A constant challenge in patients with heart failure (HF) is the “vulnerable period” following discharge. Hospital discharge marks the period of greatest vulnerability, during which persistent residual congestion—often undetectable on clinical examination—set patients on a path toward early readmission or even death. Traditionally, we have relied on clinical evaluation. However, it is not always sufficient and often proves misleading, as subjective decongestion does not always reflect true tissue decongestion.
This is where congestion assessment using complementary imaging tools, such as cardiopulmonary ultrasound, is no longer merely a technological option but has become a clinical necessity. While echocardiography provides information on left ventricular filling pressures, right ventricular function, and inferior vena cava dynamics, pulmonary ultrasound offers a direct view of the pulmonary parenchyma. By quantifying B-lines, it is possible to objectively determine the extent of interstitial edema long before it becomes clinically apparent.
In this regard, some authors highlight the importance of realtime imaging assessment.
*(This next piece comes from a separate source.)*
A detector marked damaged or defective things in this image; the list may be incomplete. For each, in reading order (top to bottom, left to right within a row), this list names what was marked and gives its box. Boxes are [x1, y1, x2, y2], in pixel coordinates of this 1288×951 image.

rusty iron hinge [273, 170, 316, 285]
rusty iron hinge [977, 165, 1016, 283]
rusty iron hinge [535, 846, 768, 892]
Platz et al. demonstrated that residual congestion detected by pulmonary ultrasound is associated with worse short- and longterm outcomes in patients hospitalized for heart failure, underscoring the importance of pulmonary ultrasound. (1) Similarly, the PROFUND-IC registry reported by Pérez-Herrero et al. highlighted the prognostic value of pulmonary ultrasound and inferior vena cava assessment in elderly patients with acute heart failure (AHF). (2)
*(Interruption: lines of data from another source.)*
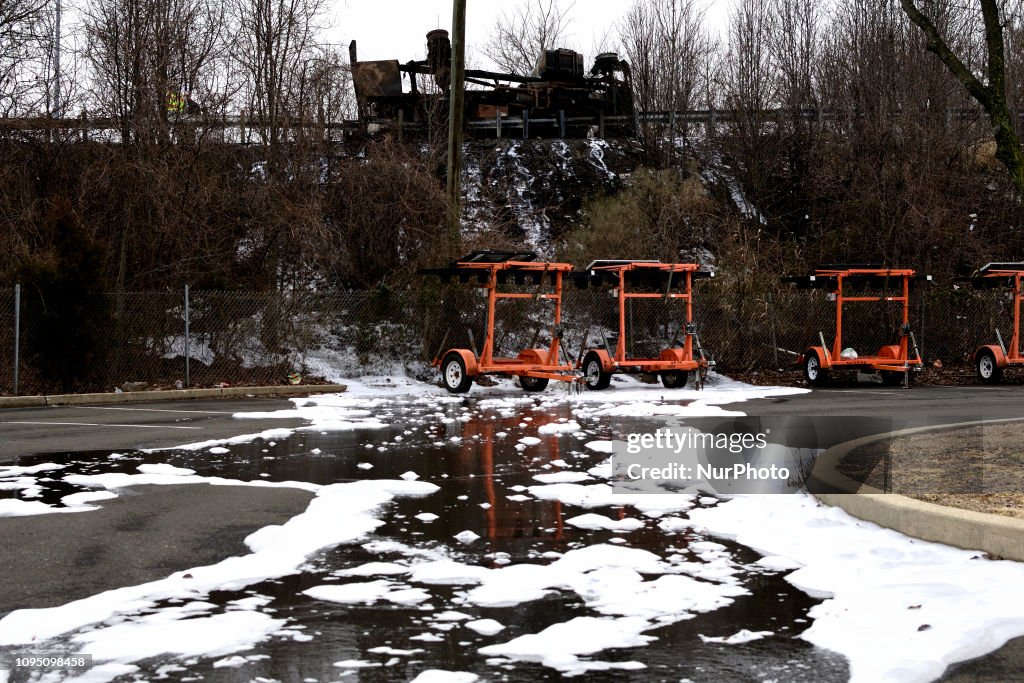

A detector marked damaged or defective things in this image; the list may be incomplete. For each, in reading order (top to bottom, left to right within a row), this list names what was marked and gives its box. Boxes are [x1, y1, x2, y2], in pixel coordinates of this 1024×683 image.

charred truck frame [350, 31, 630, 139]
burned vehicle wreckage [352, 30, 634, 139]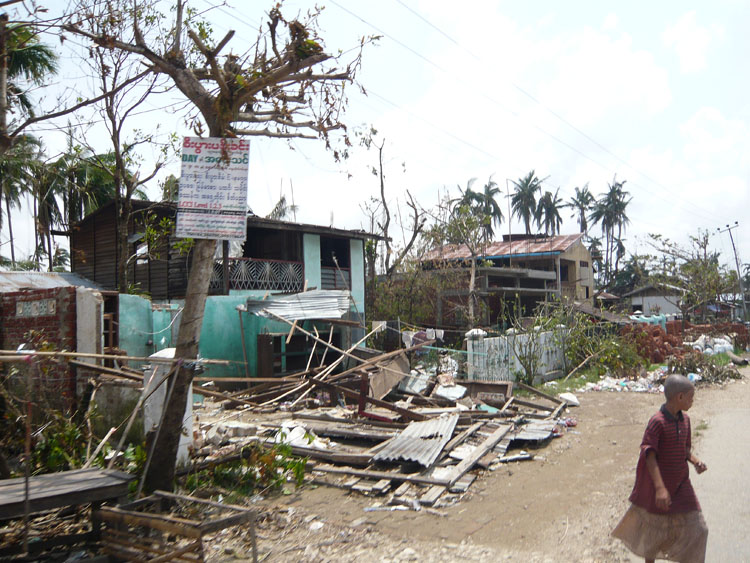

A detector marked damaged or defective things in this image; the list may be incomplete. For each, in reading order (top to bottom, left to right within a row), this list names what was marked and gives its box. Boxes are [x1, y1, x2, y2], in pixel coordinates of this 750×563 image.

broken wood slat [306, 376, 426, 420]
broken wood slat [516, 384, 564, 406]
broken wood slat [310, 464, 446, 486]
broken wood slat [95, 508, 204, 540]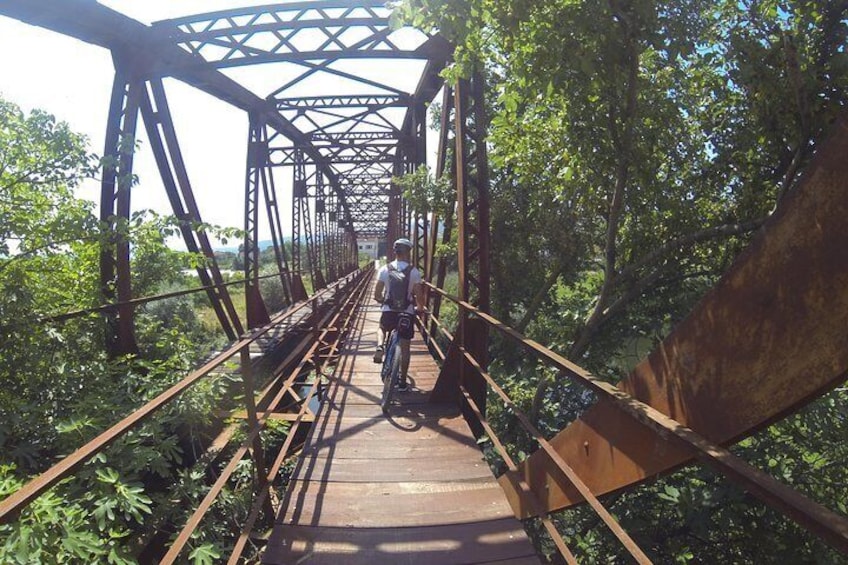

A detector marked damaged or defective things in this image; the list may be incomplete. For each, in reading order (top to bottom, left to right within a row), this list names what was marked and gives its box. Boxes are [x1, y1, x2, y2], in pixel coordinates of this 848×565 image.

rusted brown metal plate [506, 114, 848, 512]
rusted brown metal plate [264, 520, 536, 564]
The recent study by Iroulart et al. is an ambitious study involving elderly, typically frail population hospitalized for “pure” AHF, after excluding secondary causes of HF. The authors evaluated the prognostic value of a cardiopulmonary ultrasound protocol before hospital discharge. Notably, the B-line count at discharge was the only variable that independently predicted readmission or death at 180 days. A thresh-old of seven B-lines doubled the risk of adverse events, with a specificity of 86%. Other echocardiographic findings, including the septal and lateral E/e’ ratios, inferior vena cava dilation, and pulmonary systolic pressure, were associated with the endpoint in the univariate analysis, whereas ejection fraction and left atrial volume were not. (3)
The study focuses on the time of hospital discharge, a critical stage in clinical decisionmaking, when risk stratification becomes particularly valuable. These findings compel us to reconsider our discharge criteria and what constitutes therapeutic “success” in patients with AHF. Relying solely on clinical criteria while ignoring persistently elevated ultrasound markers of congestion is equivalent to sending patients home with subclinical decompensation. Cardiopulmonary ultrasound should not be regarded as an isolated test, but rather as a cornerstone for guiding realtime diuretic titration, allowing therapy to be individualized to achieve truly safe decongestion.